Treat the line containing "Rijssen naar Indië" as the first line of the answer and the last line of the data as its final line, reproducing every line between exactly.

--- START ---

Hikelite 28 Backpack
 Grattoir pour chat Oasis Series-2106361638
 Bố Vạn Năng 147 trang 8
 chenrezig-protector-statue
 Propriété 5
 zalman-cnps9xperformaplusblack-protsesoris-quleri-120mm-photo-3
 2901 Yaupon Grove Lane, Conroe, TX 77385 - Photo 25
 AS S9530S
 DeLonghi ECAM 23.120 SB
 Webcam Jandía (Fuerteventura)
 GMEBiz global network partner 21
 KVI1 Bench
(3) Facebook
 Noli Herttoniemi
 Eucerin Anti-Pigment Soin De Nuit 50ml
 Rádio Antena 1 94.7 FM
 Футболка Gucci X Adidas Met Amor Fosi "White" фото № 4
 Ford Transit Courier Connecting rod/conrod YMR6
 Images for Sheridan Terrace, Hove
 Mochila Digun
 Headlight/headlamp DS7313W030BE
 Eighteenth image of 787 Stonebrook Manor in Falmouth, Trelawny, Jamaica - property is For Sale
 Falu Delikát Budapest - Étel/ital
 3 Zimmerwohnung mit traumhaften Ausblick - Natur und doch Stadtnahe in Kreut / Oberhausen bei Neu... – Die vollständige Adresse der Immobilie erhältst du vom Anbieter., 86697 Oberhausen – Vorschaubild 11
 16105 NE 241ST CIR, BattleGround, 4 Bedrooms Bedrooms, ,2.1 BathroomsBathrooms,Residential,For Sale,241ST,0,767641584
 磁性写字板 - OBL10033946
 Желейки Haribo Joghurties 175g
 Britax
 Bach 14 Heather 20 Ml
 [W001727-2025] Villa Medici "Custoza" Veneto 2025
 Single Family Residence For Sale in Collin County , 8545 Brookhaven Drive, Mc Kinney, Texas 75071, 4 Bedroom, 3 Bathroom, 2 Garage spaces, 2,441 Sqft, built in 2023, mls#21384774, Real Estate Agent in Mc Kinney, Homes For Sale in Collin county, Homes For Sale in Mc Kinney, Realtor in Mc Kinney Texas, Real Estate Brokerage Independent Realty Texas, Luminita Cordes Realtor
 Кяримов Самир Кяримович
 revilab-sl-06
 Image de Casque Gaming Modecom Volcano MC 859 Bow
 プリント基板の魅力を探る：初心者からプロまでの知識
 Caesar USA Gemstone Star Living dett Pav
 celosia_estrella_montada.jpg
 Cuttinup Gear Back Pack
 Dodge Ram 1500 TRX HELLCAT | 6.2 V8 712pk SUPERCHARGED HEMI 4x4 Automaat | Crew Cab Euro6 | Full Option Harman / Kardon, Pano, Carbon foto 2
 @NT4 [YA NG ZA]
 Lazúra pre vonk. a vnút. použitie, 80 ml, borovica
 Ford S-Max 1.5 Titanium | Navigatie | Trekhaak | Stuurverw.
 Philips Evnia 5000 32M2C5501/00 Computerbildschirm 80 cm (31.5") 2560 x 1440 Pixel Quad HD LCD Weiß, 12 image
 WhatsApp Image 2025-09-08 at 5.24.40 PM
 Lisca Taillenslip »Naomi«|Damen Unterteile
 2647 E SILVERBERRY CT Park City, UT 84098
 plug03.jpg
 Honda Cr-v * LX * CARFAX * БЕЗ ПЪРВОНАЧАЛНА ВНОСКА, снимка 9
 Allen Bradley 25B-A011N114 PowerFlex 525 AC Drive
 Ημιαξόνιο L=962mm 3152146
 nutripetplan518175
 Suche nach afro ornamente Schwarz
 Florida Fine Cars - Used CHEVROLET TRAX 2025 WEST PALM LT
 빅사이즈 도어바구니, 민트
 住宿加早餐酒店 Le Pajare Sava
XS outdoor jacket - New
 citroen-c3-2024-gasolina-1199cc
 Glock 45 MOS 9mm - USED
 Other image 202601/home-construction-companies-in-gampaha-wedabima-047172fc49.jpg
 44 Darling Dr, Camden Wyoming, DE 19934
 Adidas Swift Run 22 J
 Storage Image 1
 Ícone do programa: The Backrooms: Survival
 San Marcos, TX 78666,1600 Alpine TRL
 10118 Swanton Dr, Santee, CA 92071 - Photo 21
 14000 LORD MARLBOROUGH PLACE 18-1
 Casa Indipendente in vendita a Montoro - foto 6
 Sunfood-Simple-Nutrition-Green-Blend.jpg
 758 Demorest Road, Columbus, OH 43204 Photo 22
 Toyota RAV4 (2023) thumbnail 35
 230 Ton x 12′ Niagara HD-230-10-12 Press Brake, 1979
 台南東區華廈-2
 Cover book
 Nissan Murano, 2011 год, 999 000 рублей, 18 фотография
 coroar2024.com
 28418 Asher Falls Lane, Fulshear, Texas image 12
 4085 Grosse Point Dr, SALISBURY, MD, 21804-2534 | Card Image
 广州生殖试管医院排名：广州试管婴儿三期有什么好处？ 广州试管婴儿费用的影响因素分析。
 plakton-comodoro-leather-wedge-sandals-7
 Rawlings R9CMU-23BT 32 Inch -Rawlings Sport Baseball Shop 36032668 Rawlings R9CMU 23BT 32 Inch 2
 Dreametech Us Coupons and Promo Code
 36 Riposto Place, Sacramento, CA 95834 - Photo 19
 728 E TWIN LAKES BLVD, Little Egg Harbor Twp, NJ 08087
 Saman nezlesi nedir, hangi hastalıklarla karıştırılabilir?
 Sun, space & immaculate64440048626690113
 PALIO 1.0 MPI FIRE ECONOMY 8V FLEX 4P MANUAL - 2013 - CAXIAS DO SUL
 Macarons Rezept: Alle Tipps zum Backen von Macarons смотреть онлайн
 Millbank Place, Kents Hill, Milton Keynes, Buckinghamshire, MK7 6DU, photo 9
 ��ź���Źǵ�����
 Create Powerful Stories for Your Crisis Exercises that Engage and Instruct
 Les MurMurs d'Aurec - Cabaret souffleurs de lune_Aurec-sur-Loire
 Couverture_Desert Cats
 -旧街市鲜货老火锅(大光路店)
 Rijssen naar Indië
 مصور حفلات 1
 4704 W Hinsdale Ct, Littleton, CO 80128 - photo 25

--- END ---

## Solved exercise
 Rijssen naar Indië
 مصور حفلات 1
 4704 W Hinsdale Ct, Littleton, CO 80128 - photo 25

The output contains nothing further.